Kernel PCA is a dimensionality reduction technique that uses the kernel trick to project the data into a higher dimensional space where it is linearly separable. This is useful when the data is not linearly separable in the original space, but is linearly separable in the higher dimensional space.

Classical PCA¶

The objective function of classical PCA is

\[ \begin{align} \min_{\mathbf{W}} \frac{1}{n} \sum_{i=1}^n \left\| \mathbf{x}_i - \mathbf{W} \mathbf{W}^T \mathbf{x}_i \right\|^2 \end{align} \]

where \(\mathbf{W}\) is the projection matrix. The solution to this problem is

\[ \begin{align} \mathbf{W} = \mathbf{U}_k \end{align} \]

where \(\mathbf{U}_k\) is the first \(k\) eigenvectors of the covariance matrix \(\mathbf{C} = \frac{1}{n} \sum_{i=1}^n \mathbf{x}_i \mathbf{x}_i^T\).

Kernel PCA¶

The objective function of kernel PCA is

\[ \begin{align} \min_{\mathbf{W}} \frac{1}{n} \sum_{i=1}^n \left\| \mathbf{z}_i - \mathbf{W} \mathbf{W}^T \mathbf{z}_i \right\|^2 \end{align} \]

where \(\mathbf{W}\) is the projection matrix and \(\mathbf{z}_i = \phi(\mathbf{x}_i)\) is the feature vector of the data \(\mathbf{x}_i\) in the higher dimensional space.
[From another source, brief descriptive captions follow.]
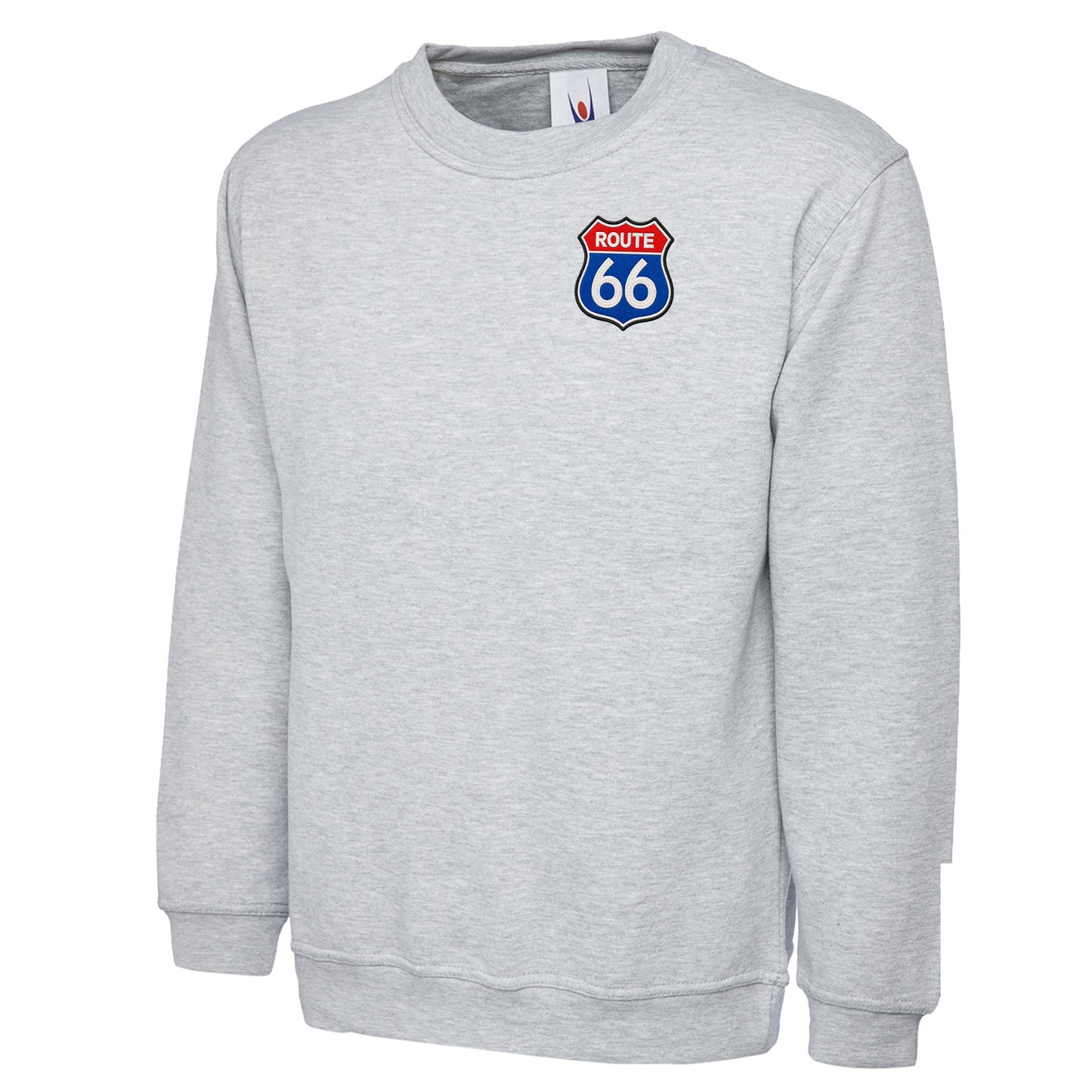 Route 66 Sweatshirt 
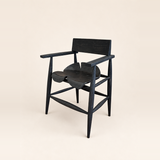 Flower Armchair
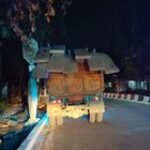 Soal Lampu Pocong: Bobby Nasution Kontroversial di Mata Oknum, Pahlawan Bagi Warga Medan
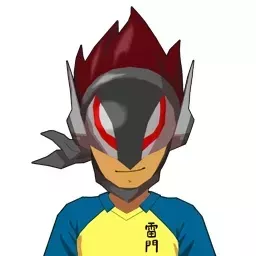 和木圭一郎画像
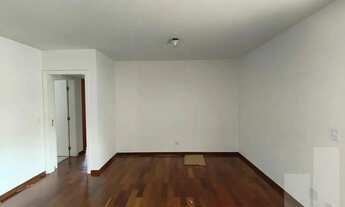 Imagem 3: Apartamento 03 dormitórios,02 vagas em Perdizes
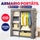 Closet Armario Armable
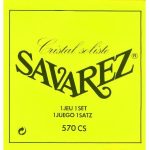 سیم گیتار ساوارز 570 CS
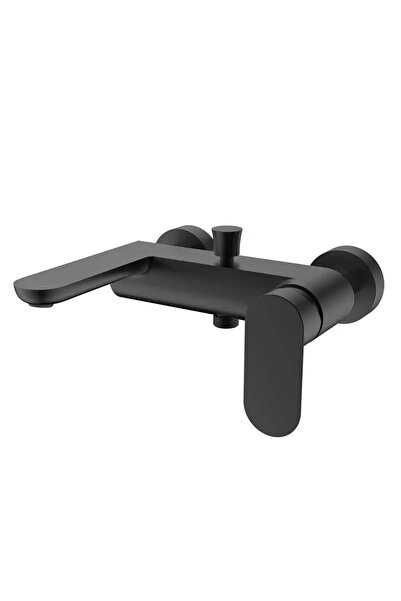 TREDEX خلاط دش أسود TR+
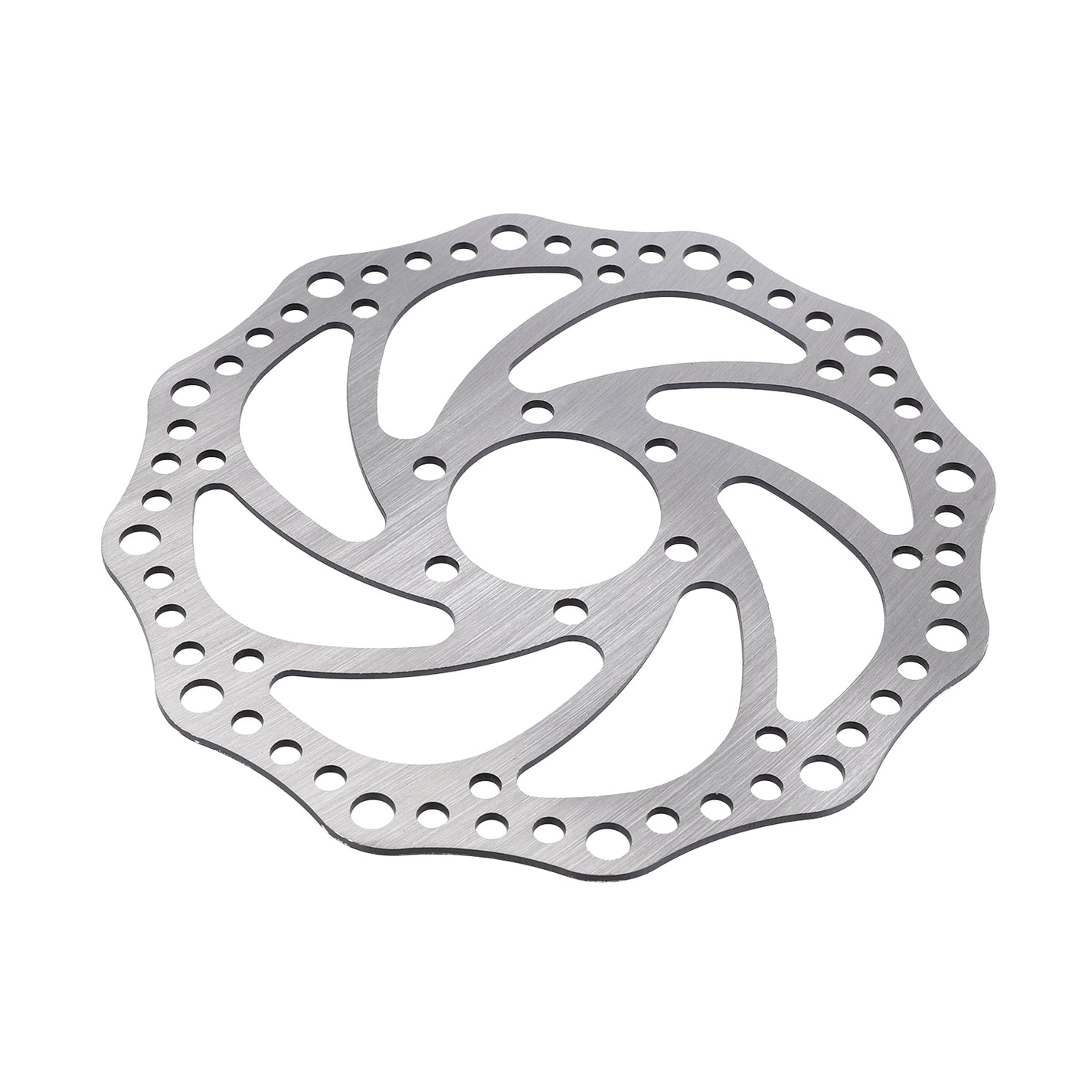 ulp-73ec986871bd-8ea03d1de5ab4a58b4aa96a4e8b50003.jpg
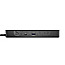 Dell WD19DCS Performance Dock USB-C 3.1 Dockingstation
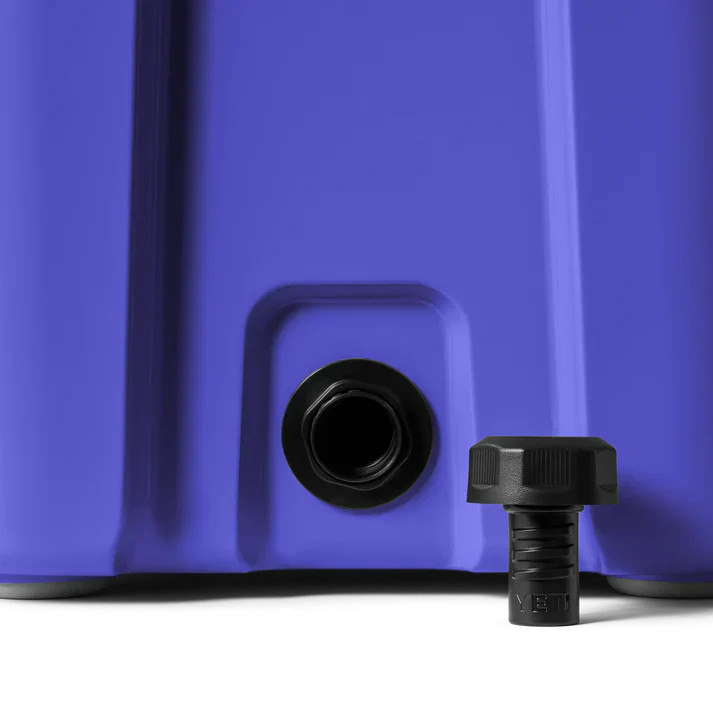 YETI Roadie 24 Ultramarine Violet - Image 8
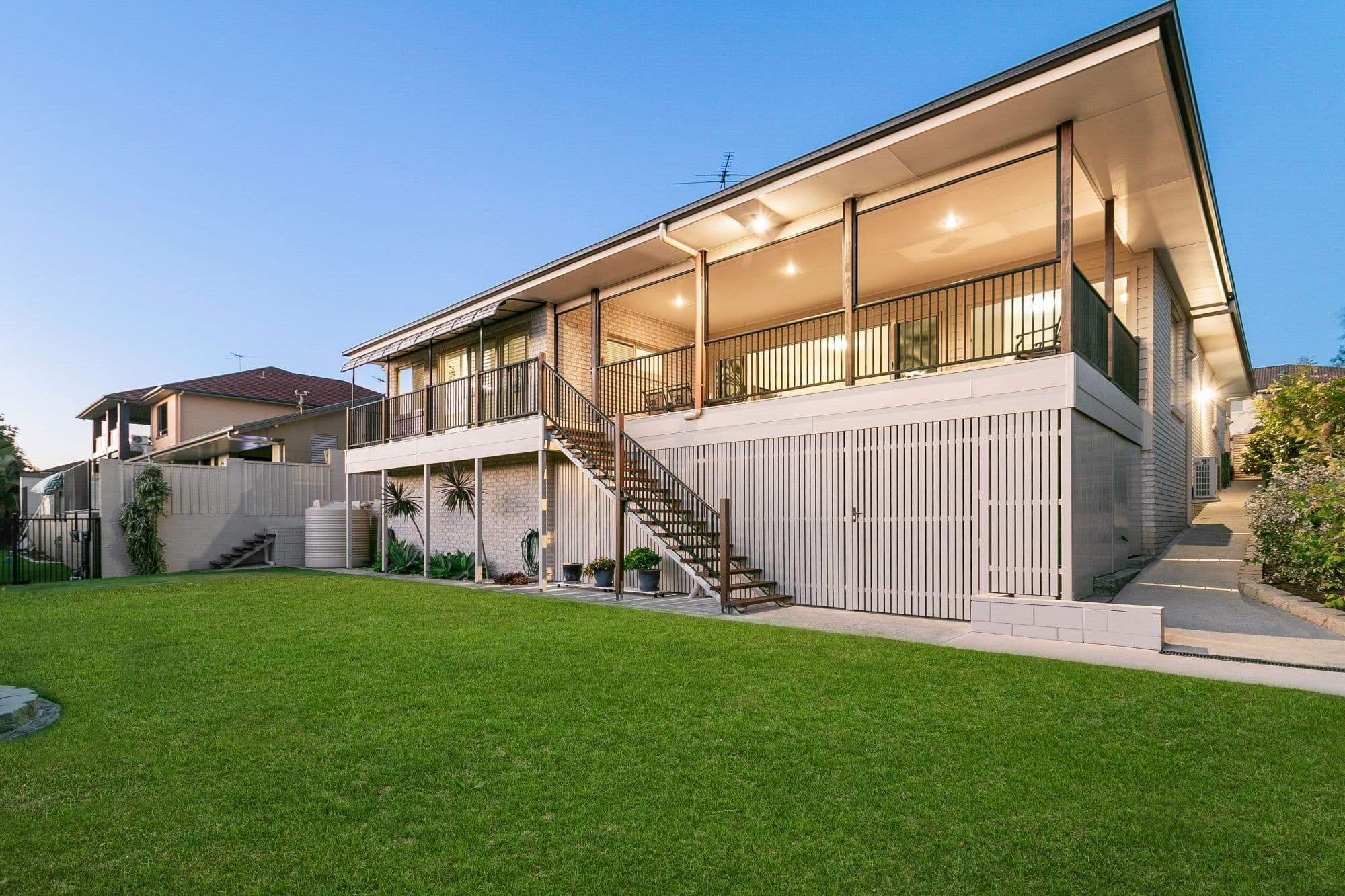 40 Hampstead Outlook, Murrumba Downs QLD 4503, Murrumba Downs - Thumbnail 4
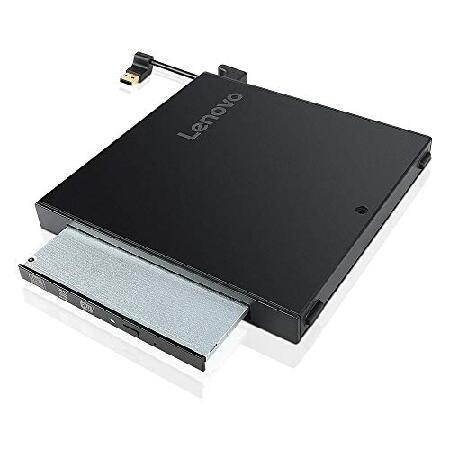 ThinkCentre DVD Burner｜olg｜03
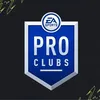 eafcproclubs19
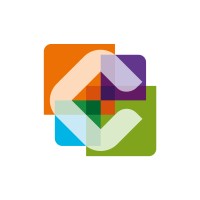 VP Estrategia y Finanzas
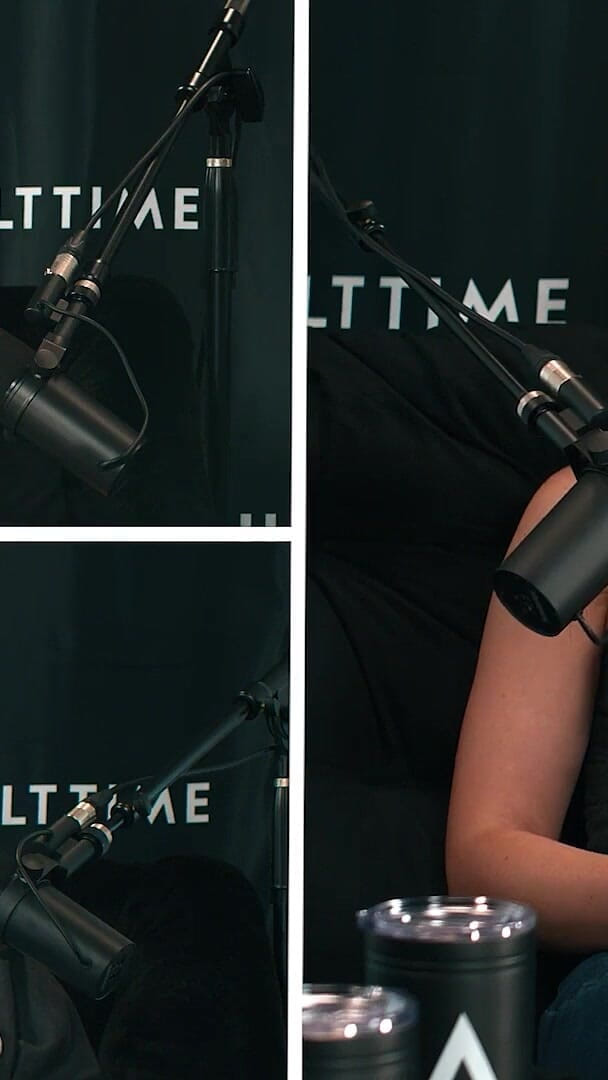 Adult Time Podcast: Alison Rey &amp;Casey Calvert Body Conta, Eras curva, &amp;Taylor Swift | Podcast pentru...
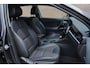 Kia Niro Hybrid 1.6 GDi ExecutiveLine, Navigatie, A.rijcamera, Climat-en Cruise Control, Ned. Auto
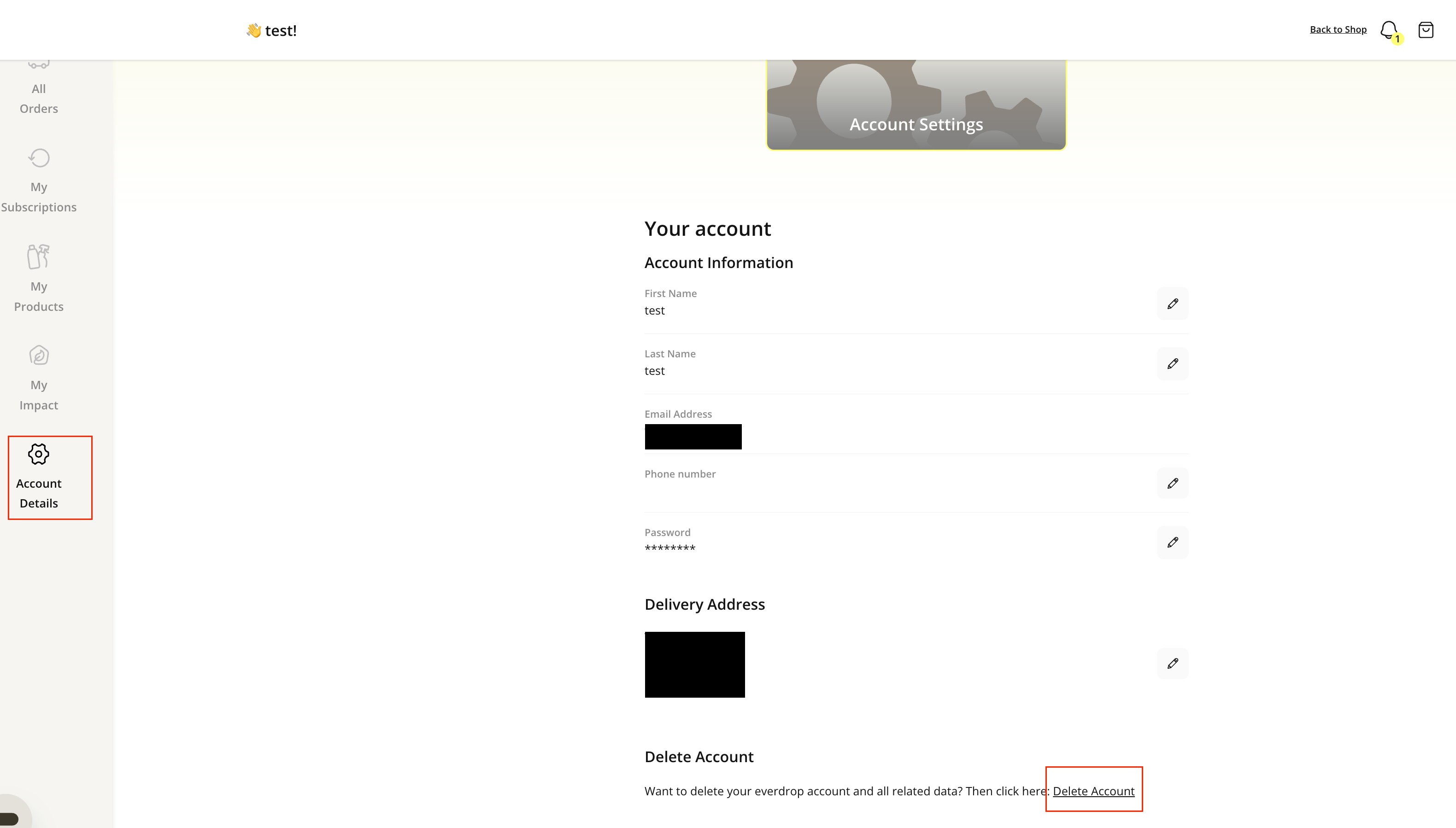 Bildschirmfoto 2025-07-16 um 13.38.33.png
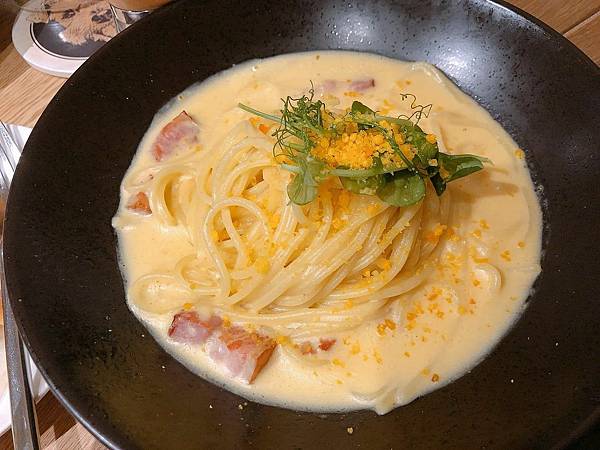 243552344_4258406364214591_4352837076338406732_n.jpg 243552344_4258406364214591_4352837076338406732_n.jpg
The solution to this problem is

In this objective we use the so-called kernel trick. The kernel trick is a method to compute the inner product of two vectors in a higher dimensional space without actually computing the vectors in the higher dimensional space.
In fact, we introduce a mapping \(\phi: \mathbb{R}^d \rightarrow \mathbb{R}^D\) and compute the inner product in the higher dimensional space.

Covariance Matrix with Kernel¶

The covariance matrix in the higher dimensional space is

\[ \begin{align} \mathbf{C} = \frac{1}{n} \sum_{i=1}^n \mathbf{z}_i \mathbf{z}_i^T \end{align} \]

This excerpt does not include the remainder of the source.